- **DATA RECORDS**:
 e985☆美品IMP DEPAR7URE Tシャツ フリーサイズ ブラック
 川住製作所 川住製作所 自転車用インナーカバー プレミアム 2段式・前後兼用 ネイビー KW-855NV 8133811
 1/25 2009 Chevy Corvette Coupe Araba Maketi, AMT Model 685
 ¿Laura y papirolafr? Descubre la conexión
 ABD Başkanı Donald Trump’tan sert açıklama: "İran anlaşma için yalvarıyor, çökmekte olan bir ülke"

--

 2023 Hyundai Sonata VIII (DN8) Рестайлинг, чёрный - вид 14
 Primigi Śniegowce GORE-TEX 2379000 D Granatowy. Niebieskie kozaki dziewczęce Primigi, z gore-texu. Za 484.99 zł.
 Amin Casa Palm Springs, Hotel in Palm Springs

--

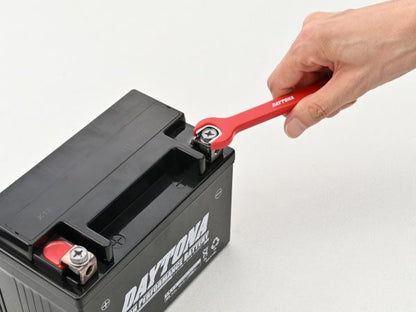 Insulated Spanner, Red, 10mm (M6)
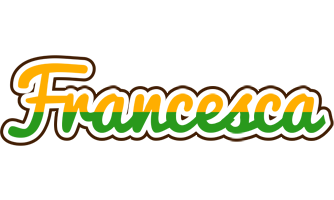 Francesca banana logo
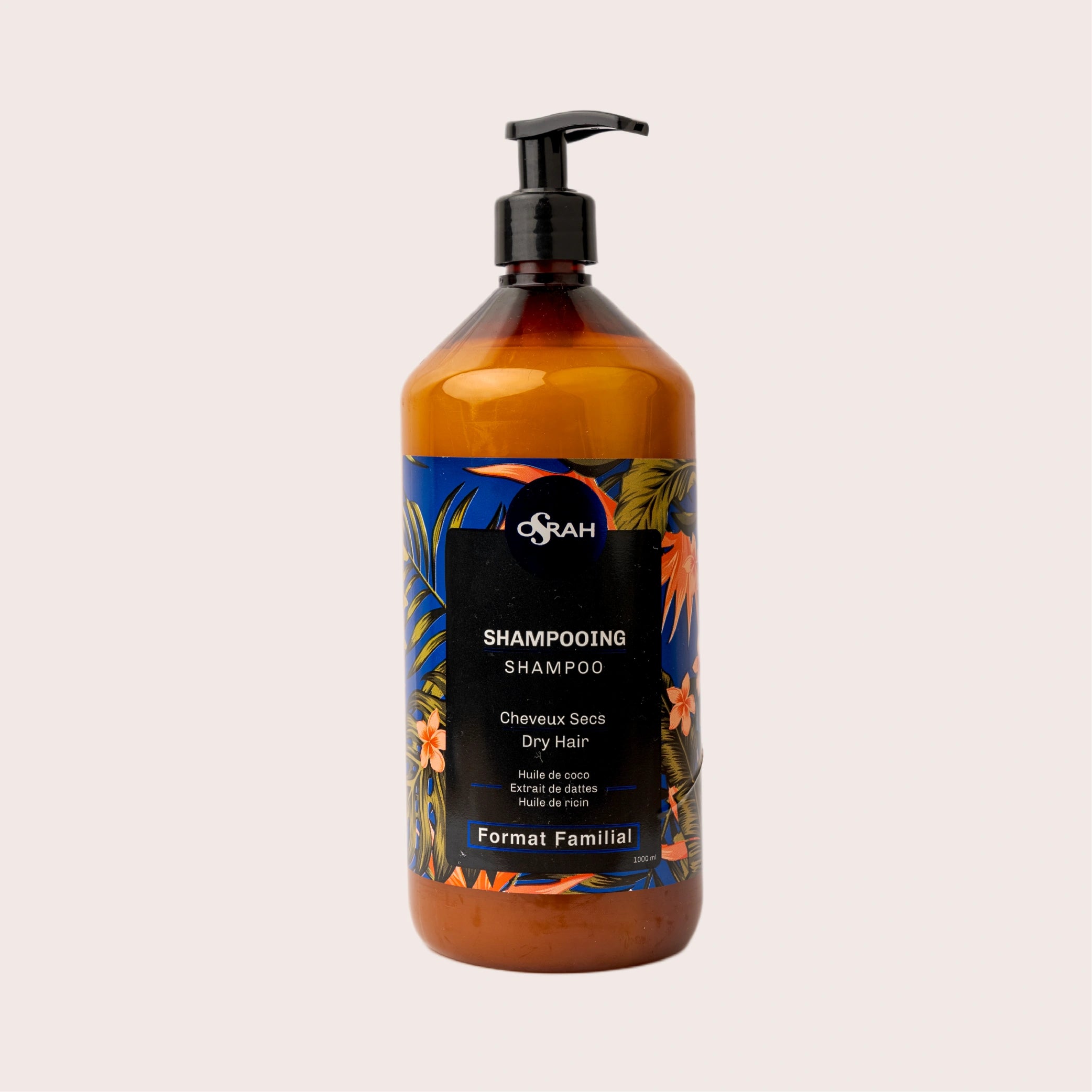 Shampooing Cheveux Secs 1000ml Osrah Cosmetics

- **EXERCISE PROMPT**:
From the listing above, repeat exactly the lines starting at the line that includes "2023 Hyundai Sonata" and ending at the line that includes "Amin Casa Palm", with nothing outside that span.

- **SOLUTION**:
 2023 Hyundai Sonata VIII (DN8) Рестайлинг, чёрный - вид 14
 Primigi Śniegowce GORE-TEX 2379000 D Granatowy. Niebieskie kozaki dziewczęce Primigi, z gore-texu. Za 484.99 zł.
 Amin Casa Palm Springs, Hotel in Palm Springs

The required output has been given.